About one in ten people in the US will develop a kidney stone at some point in their life and the summer months are when they are more likely to occur because of dehydration.
Some people compare the pain to childbirth or being stabbed.
Here are some details on new technology that is bringing fast relief to these patients.
Sixty-six-year-old Jack Osmanski is enjoying retirement.
“I hunt and fish with my son. I’ve been reading a lot more,” said Jack Osmanski, Kidney Stone Patient.
Until one night when he woke up with a sudden sharp pain.
“I’ve been through a few car crashes. I fell through the ceiling seven years ago and I never had a thing that was quite as painful as that in my life,” said Osmanski.
Jack had developed a five millimeter kidney stone, the size of a pencil top eraser.
“It felt like someone was actually stabbing me in the back,” said Osmanski.

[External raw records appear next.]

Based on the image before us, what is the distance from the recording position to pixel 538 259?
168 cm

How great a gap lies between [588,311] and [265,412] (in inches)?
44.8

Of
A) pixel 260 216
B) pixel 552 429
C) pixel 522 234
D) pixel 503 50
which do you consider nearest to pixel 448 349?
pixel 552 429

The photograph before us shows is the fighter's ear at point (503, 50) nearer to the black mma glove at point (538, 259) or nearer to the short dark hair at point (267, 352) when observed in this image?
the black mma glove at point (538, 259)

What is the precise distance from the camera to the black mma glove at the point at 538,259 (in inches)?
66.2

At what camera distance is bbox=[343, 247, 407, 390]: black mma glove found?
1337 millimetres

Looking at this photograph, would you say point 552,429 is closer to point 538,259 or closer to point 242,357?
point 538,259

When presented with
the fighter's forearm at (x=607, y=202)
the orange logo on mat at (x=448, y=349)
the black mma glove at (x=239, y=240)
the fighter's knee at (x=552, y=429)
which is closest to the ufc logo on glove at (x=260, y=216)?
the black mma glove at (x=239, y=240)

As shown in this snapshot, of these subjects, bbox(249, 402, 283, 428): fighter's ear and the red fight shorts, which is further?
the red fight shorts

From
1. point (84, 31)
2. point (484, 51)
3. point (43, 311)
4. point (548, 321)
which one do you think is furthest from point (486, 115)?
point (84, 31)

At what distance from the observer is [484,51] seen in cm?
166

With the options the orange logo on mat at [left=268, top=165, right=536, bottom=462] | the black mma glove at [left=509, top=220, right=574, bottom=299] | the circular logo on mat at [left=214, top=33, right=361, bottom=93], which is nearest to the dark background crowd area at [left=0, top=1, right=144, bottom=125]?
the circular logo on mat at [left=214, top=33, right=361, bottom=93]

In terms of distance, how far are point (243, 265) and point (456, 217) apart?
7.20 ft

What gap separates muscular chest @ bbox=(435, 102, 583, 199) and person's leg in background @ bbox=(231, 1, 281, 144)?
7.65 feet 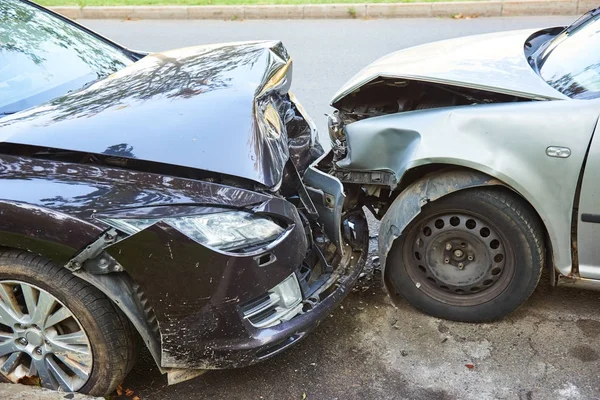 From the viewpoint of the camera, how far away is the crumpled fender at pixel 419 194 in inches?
112

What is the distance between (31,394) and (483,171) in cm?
220

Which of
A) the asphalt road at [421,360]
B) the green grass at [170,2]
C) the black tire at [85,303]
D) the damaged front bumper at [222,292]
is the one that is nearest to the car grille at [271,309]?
the damaged front bumper at [222,292]

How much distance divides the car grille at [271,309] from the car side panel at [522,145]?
2.84 feet

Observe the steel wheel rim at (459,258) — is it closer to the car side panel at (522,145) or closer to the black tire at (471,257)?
the black tire at (471,257)

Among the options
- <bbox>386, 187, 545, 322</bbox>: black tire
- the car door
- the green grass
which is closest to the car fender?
<bbox>386, 187, 545, 322</bbox>: black tire

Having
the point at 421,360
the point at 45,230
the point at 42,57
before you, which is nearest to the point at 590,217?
the point at 421,360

He was given pain meds at the hospital and took a let it pass on its own approach, but the stone was not moving.
“If they don’t pass on their own, you can’t leave a kidney stone blocking the kidney for longer than four to six weeks without having long-term kidney damage,” said Ross Simon, MD, MS, Urologist at Tampa General Hospital.
So Dr. Ross Simon suggested a new laser technology called Moses. With its ability to fire two pulses of a laser, it can treat bigger kidney stones more efficiently.
“The Moses technology also allows you to have a more flexible fiber which can get around corners in the kidney and access different stones that we weren’t able to do so easily before,” said Dr. Simon.
“Within two or three days I started to feel a lot better,” said Osmanski.
And he can continue to enjoy his retirement pain free.